My new system is stuck on 100% CPU on one core in the nvidia module. It does not even load the driver - seems to be happening in the init code. Can’t unload the driver or use nvidia-smi or related.
This also blocks shutdown.
- driver: 440.44-r1
- kernel: 5.4.6
- GPU: ASUS GeForce® RTX 2080 Ti ROG Strix OC
- Mainboard: Asus ROG STRIX TRX40-E GAMING
It seems to work with the dual booted windows though (apart from weird display resets with power management)
Any additional info is in the nvidia-bug-report: https://s3-eu-west-1.amazonaws.com/paste.particleflux.codes/misc/nvidia-bug-report.log.gz
The dmesg in the bug-report.gz also shows output of two CPU backtraces I did via sysrq, pointing to the nvidia module causing the kworker 100% CPU.
Here’s one of these backtraces:
[ 82.893211] NMI backtrace for cpu 0
[ 82.893212] CPU: 0 PID: 267 Comm: kworker/0:2 Tainted: P O 5.4.6-gentoo #1
[ 82.893212] Hardware name: System manufacturer System Product Name/ROG STRIX TRX40-E GAMING, BIOS 0702 12/12/2019
[ 82.893212] Workqueue: events work_for_cpu_fn
[ 82.893213] RIP: 0010:os_delay+0xfb/0x240 [nvidia]

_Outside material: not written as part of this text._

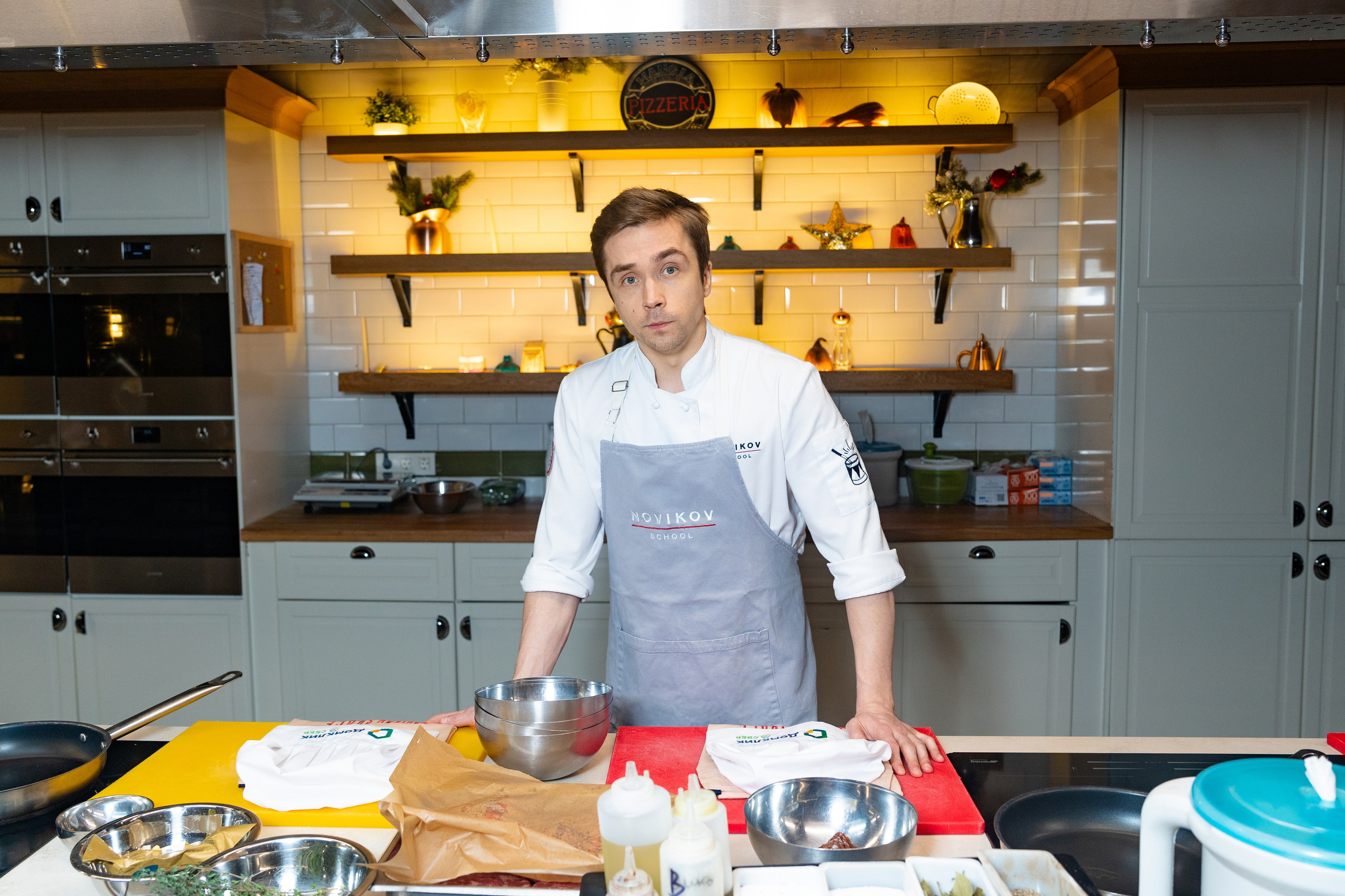 NOVIKOV SCHOOL — Умами зал. Фотограф Никита Комаров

[ 82.893214] Code: 20 49 f7 e4 65 48 8b 04 25 00 5d 01 00 48 c7 40 10 01 00 00 00 48 89 d7 48 c1 ef 12 eb 40 4c 89 f0 48 89 dd 48 29 f0 48 29 d5 <79> 0b 48 83 e8 01 48 81 c5 40 42 0f 00 48 69 c0 40 42 0f 00 48
01
[ 82.893214] RSP: 0018:ffffb37dc0b6bbf0 EFLAGS: 00000212
[ 82.893214] RAX: 0000000000000dbf RBX: 00000000000be301 RCX: 0000000000000000
[ 82.893214] RDX: 0000000000059ffa RSI: 000000005e0b447e RDI: 000af7a58431a2d0
[ 82.893215] RBP: 0000000000064307 R08: 000000134cc8d115 R09: ffffb37dc0b6bb88
[ 82.893215] R10: ffffa3c74de27880 R11: 0000000000000001 R12: 431bde82d7b634db
[ 82.893215] R13: 20c49ba5e353f7cf R14: 000000005e0b523d R15: ffffa3c746977831
[ 82.893215] FS: 0000000000000000(0000) GS:ffffa3c74de00000(0000) knlGS:0000000000000000
[ 82.893215] CS: 0010 DS: 0000 ES: 0000 CR0: 0000000080050033
[ 82.893216] CR2: 00007efed7ec4192 CR3: 0000000b0be0a000 CR4: 0000000000340eb0
[ 82.893216] Call Trace:
[ 82.893216] _nv030277rm+0x2fa/0x360 [nvidia]
[ 82.893216] ? os_pci_read_dword+0xd/0x20 [nvidia]
[ 82.893216] ? _nv031101rm+0x82/0x130 [nvidia]
[ 82.893216] ? _nv000891rm+0x5c/0x1a0 [nvidia]
[ 82.893217] ? rm_get_gpu_uuid+0x44/0x1e0 [nvidia]
[ 82.893217] ? proc_register+0xee/0x160
[ 82.893217] ? nv_control_irq+0x53c/0xed0 [nvidia]
[ 82.893217] ? __switch_to_asm+0x40/0x70
[ 82.893217] ? __switch_to_asm+0x34/0x70
[ 82.893217] ? __switch_to_asm+0x40/0x70
[ 82.893217] ? local_pci_probe+0x3d/0x70
[ 82.893218] ? __schedule+0x28c/0x5a0
[ 82.893218] ? work_for_cpu_fn+0x11/0x20
[ 82.893218] ? process_one_work+0x1db/0x380
[ 82.893218] ? worker_thread+0x1f5/0x3c0
[ 82.893218] ? kthread+0xf6/0x130
[ 82.893218] ? process_one_work+0x380/0x380
[ 82.893218] ? kthread_park+0x80/0x80
[ 82.893219] ? ret_from_fork+0x22/0x40
Any idea on which direction to troubleshoot?